## Action item
From the entries below, retype only the lines from the one with "Tour guiado na" through the one with "Salvatore Ferragamo Grayish", exactly as written.

Records from a data collection
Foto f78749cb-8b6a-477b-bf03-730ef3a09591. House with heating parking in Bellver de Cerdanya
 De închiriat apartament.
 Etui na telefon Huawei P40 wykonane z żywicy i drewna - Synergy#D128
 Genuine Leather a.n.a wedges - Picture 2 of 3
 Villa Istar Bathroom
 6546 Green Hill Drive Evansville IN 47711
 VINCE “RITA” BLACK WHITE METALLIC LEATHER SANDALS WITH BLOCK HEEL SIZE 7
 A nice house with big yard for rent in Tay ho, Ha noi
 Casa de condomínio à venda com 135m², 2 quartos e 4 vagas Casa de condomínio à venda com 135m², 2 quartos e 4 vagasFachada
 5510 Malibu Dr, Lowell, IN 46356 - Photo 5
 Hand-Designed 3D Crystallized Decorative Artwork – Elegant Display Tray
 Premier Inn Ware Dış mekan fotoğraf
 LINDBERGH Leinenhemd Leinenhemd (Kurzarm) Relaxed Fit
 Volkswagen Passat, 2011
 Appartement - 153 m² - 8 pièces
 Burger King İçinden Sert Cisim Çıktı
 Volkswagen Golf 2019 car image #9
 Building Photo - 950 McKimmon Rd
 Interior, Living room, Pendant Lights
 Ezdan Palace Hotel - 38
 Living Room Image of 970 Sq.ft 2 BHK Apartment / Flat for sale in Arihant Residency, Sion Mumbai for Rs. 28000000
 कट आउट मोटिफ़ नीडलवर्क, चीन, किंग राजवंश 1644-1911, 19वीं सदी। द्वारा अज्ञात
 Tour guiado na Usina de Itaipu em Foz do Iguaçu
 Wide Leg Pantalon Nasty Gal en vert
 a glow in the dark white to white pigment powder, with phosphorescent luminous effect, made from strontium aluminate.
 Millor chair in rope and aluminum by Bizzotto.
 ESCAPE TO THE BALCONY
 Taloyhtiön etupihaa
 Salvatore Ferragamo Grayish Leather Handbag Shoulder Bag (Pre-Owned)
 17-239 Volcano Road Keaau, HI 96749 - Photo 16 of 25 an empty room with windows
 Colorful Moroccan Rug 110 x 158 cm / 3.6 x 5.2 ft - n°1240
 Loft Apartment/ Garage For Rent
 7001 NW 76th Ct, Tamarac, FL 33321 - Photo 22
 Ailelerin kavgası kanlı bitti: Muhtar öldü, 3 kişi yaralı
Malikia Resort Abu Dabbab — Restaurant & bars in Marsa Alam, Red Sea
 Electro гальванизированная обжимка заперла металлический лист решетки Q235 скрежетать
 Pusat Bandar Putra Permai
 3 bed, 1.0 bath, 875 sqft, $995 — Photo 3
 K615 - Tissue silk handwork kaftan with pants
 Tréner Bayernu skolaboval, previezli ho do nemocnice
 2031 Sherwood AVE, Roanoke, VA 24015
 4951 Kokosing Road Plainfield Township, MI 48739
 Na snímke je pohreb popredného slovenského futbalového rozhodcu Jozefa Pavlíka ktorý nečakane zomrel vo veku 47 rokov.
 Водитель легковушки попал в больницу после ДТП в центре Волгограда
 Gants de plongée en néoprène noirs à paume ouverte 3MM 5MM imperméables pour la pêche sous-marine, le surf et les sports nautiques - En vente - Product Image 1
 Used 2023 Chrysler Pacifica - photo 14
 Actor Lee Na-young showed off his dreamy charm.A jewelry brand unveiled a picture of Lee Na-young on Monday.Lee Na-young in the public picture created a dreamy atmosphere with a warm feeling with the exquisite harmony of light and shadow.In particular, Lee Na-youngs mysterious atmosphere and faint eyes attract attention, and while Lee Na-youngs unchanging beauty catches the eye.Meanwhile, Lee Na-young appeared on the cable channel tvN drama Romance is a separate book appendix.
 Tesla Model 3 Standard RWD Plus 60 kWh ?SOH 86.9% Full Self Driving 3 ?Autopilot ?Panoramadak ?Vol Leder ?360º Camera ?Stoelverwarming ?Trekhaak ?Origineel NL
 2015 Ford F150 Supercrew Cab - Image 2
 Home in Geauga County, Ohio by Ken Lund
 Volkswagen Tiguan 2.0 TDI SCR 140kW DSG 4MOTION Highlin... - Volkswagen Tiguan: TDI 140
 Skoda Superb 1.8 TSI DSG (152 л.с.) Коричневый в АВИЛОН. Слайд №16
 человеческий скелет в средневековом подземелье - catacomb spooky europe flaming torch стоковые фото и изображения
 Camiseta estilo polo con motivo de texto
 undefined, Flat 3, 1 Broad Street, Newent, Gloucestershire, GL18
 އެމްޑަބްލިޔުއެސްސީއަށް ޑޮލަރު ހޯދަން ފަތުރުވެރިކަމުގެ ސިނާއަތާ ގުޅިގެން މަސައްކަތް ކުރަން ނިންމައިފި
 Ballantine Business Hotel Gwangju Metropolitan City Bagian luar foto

## Output of the exercise
 Tour guiado na Usina de Itaipu em Foz do Iguaçu
 Wide Leg Pantalon Nasty Gal en vert
 a glow in the dark white to white pigment powder, with phosphorescent luminous effect, made from strontium aluminate.
 Millor chair in rope and aluminum by Bizzotto.
 ESCAPE TO THE BALCONY
 Taloyhtiön etupihaa
 Salvatore Ferragamo Grayish Leather Handbag Shoulder Bag (Pre-Owned)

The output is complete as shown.